Your problem is the broken pseudo bolt/plates on the outer side near the EPL drive. I repair these by installing a small stainless screw on the bottom of the defective ties. I got these screws at the Denver show many years ago.


----------



## toddalin (Jan 4, 2008)

After many years, mine sag too. It seems the rivets that hold the rails at the throw bar get sloppy and things sag. I usually install a piece of plastic under the throw bar to better keep it in place. But you have to keep it clean or it can add a lot of friction.
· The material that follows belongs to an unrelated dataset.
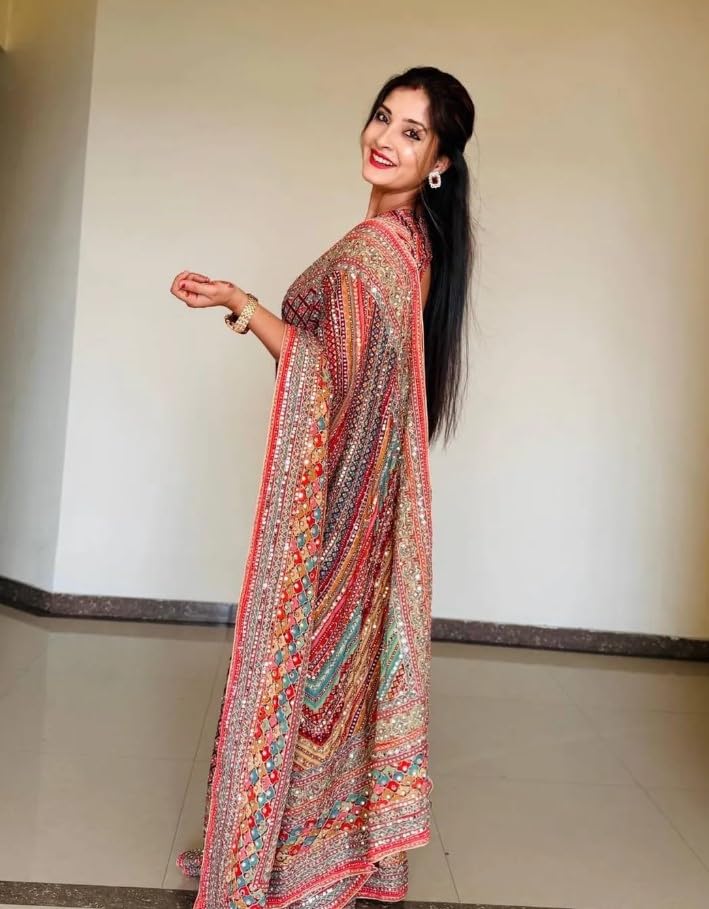 Image of Women's Chinon Silk Saree with Printed Design, Mirror Work & Zari Woven Detailing | Ethnic Wear Saree with Unstitched Blouse Piece | Traditional Festive & WeddingWear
As for loss of power, the points get power from the mechanical contacts that touch and slide and corrode over time such that you loose continuity. The best (and eventually only) thing to do is to solder small jumper wires to the point rails from the stock rails, and I have done this on my 21 turnouts.


----------



## Andrew_au (Jul 27, 2021)

Dan Pierce said:


> Your problem is the broken pseudo bolt/plates on the outer side near the EPL drive. I repair these by installing a small stainless screw on the bottom of the defective ties. I got these screws at the Denver show many years ago.


Yes, looking at the turnout I can see that the last three sleepers are no longer fastened to the curved stock rail (clips are broken on both sides of the rail). Is the best solution glue or some screws? If screws, where is it best to fasten them? I think I would need to create holes in the existing plastic to do so which risks damaging stuff.

Alternatively, I think I can mostly solve the problem by making sure the sleepers are pushing firmly against the rails (and not floating as in the diagram above).


----------



## toddalin (Jan 4, 2008)

In that situation, I've fitted a piece of wood to fit in the void space in the plastic under the ties and use small screws into those. But sometimes the ends of the ties break off.


----------



## Dan Pierce (Jan 2, 2008)

I drill a small hole through the oplastic and into the brass reai and then install the small stainless screw.


----------



## stevedenver (Jan 6, 2008)

All great advice.

i too am of the kind that repairs instead of replacing.

but, if you use the turnout,
buy a new one


----------